[Start of Attachment]
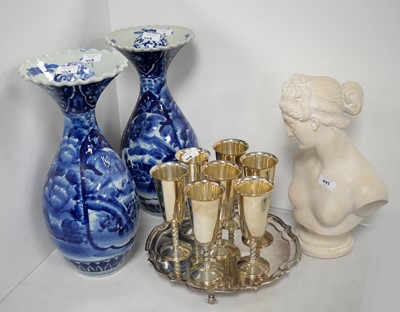 Lot 445 - A selection of decorative items.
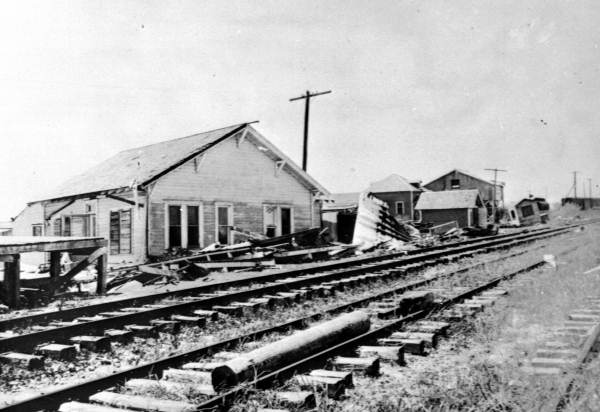 Signs of wreckage at the railroad platform - Tavernier, Florida.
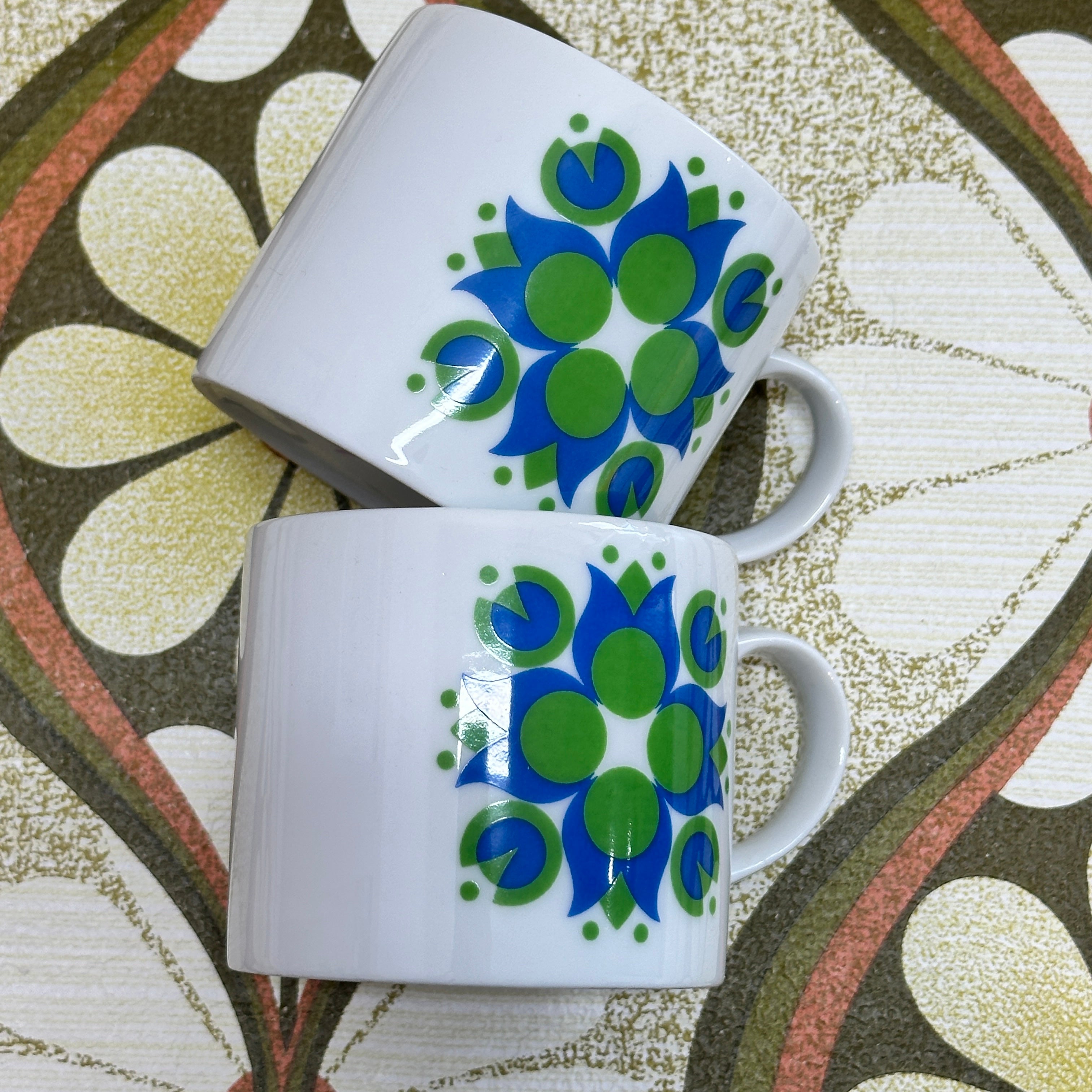 Pair of Cute Vintage Mugs JAPAN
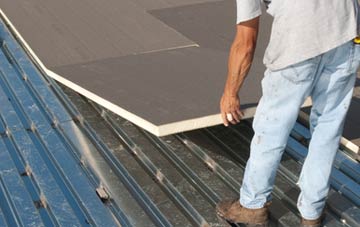 benefits of insulating Bluntshay flat roofing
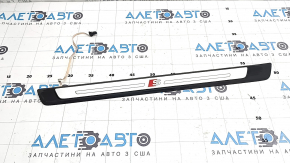 Накладка порога внешняя передняя левая Audi A5 F5 17-24 5D S-line, с подсветкой, фишка окислена, рабочая, царапины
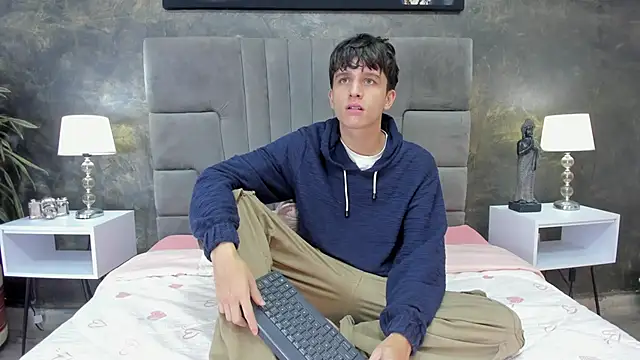 Snapshot of bruce_hans chatting on February 27, 2026, 11:43 am bruce hans online show from February 27, 2026, 11:43 am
[End of Attachment]
= Exercise requirements =
Reproduce the entries exactly, from the line with "Pair of Cute Vintage Mugs JAPAN" to the line with "Накладка порога внешняя", both lines included, keeping no pictures.

= Response area =
 Pair of Cute Vintage Mugs JAPAN
 benefits of insulating Bluntshay flat roofing
 Накладка порога внешняя передняя левая Audi A5 F5 17-24 5D S-line, с подсветкой, фишка окислена, рабочая, царапины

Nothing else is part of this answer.